# 5. Models for sequences of observations

By: Noah Goodman, Timothy J. O’Donnell, Josh Tenenbaum

In the last chapter we learned about common patterns of inference that can result from a few observations, given the right model structure. There are also many common patterns of data that arise from certain model structures. It is common, for instance, to have a sequence of observations that we believe was each generated from the same causal process: a sequence of coin flips, a series of temperature readings from a weather station, the words in a sentence. In this chapter we explore models for sequences of observations, moving from simple models to those with increasingly complex statistical dependence between the observations.

# Independent and Exchangeable Sequences

If the observations have nothing to do with each other, except that they have the same distribution, they are called identically, independently distributed (usually abbreviated to i.i.d.). For instance the values that come from calling flip are i.i.d. To verify this, let’s first check whether the distribution of two flips in the sequence look the same (are “identical”):

(define (sequence) (repeat 10 flip))

(define sequences (repeat 1000 sequence))
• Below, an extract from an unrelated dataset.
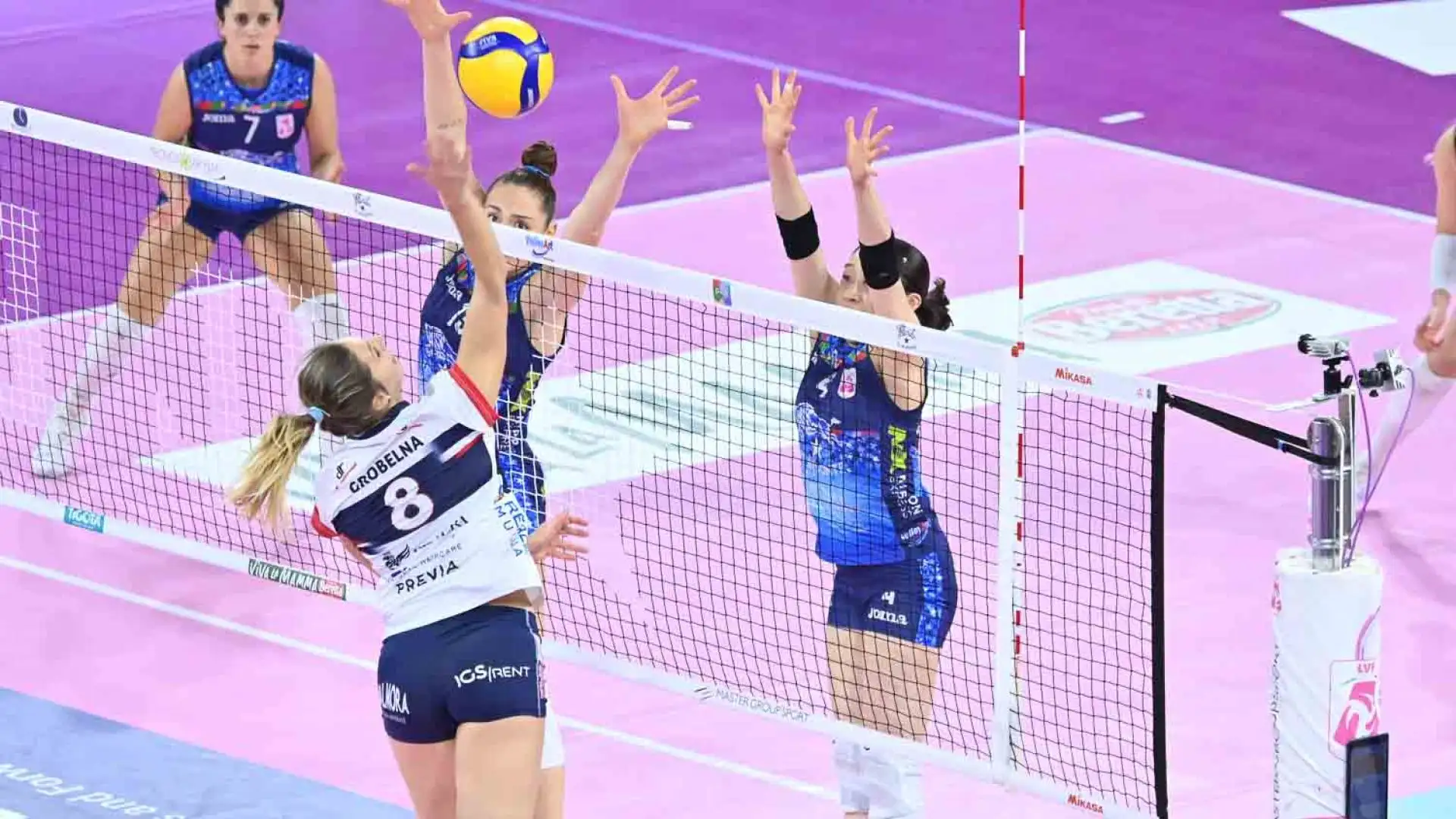 Dopo una serie di successi contro Novara, Pinerolo, Chieri, Roma, Casalmaggiore, e la vittoria della scorsa settimana contro Cuneo, Orro e le sue compagne sono pronte per una nuova sfida. Con undici vittorie contro le sette dei Firenze, Milano proverà a consolidare la propria posizione in classifica.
(hist (map first sequences) "first flip")
(hist (map second sequences) "second flip")

Now let’s check that the first and second flips are independent, by conditioning on the first and seeing that the distribution of the second is (approximately) unchanged:

(define (sequences first-val)
(mh-query
1000 10
(define s (repeat 10 flip))
(second s)
(equal? (first s) first-val)))

(hist (sequences true)  "second if first is true")
(hist (sequences false) "second if first is false")

It is easy to build other i.i.d. sequences in Church, we simply construct a stochastic thunk (which, recall, represents a distribution) and evaluate it several times. For instance, here is an extremely simple model for the words in a sentence:

(define (thunk) (multinomial '(chef omelet soup eat work bake stop)
'(0.0032 0.4863 0.0789 0.0675 0.1974 0.1387 0.0277)))

(repeat 10 thunk)

In this example the different words are indeed independent: you can show as above (by conditioning) that the first word tells you nothing about the second word. However, constructing sequences in this way it is easy to accidentally create a sequence that is not entirely independent. For instance:

(define word-probs (if (flip)
'(0.0032 0.4863 0.0789 0.0675 0.1974 0.1387 0.0277)
'(0.0699 0.1296 0.0278 0.4131 0.1239 0.2159 0.0194)))
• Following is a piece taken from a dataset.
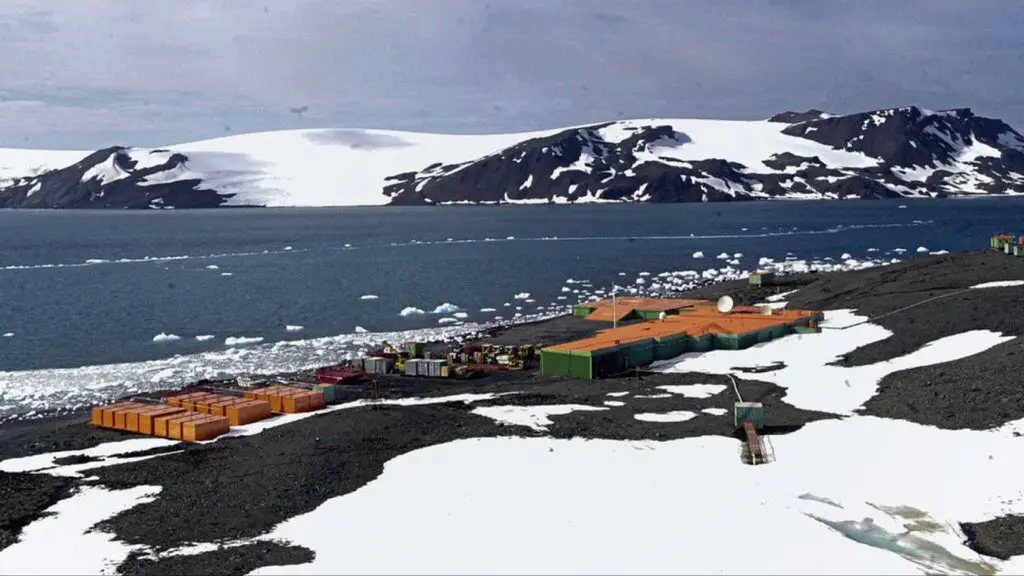 Onda “incomum” de terremotos atinge região da base polar do Brasil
(define (thunk) (multinomial '(chef omelet soup eat work bake stop)
word-probs))

(repeat 10 thunk)

While the sequence looks very similar, the words are not independent: learning about the first word tells us something about the word-probs, which in turn tells us about the second word. Let’s show this in a slightly simpler example:

(define (sequences first-val)
(mh-query
1000 10
(define prob (if (flip) 0.2 0.7))
(define (myflip) (flip prob))
(define s (repeat 10 myflip))
(second s)
(equal? (first s) first-val)))

(hist (sequences true)  "second if first is true")
(hist (sequences false) "second if first is false")

Conditioning on the first value tells us something about the second. This model is thus not i.i.d., but it does have a slightly weaker property: it is exchangeable, meaning that the probability of a sequence is the same in any order.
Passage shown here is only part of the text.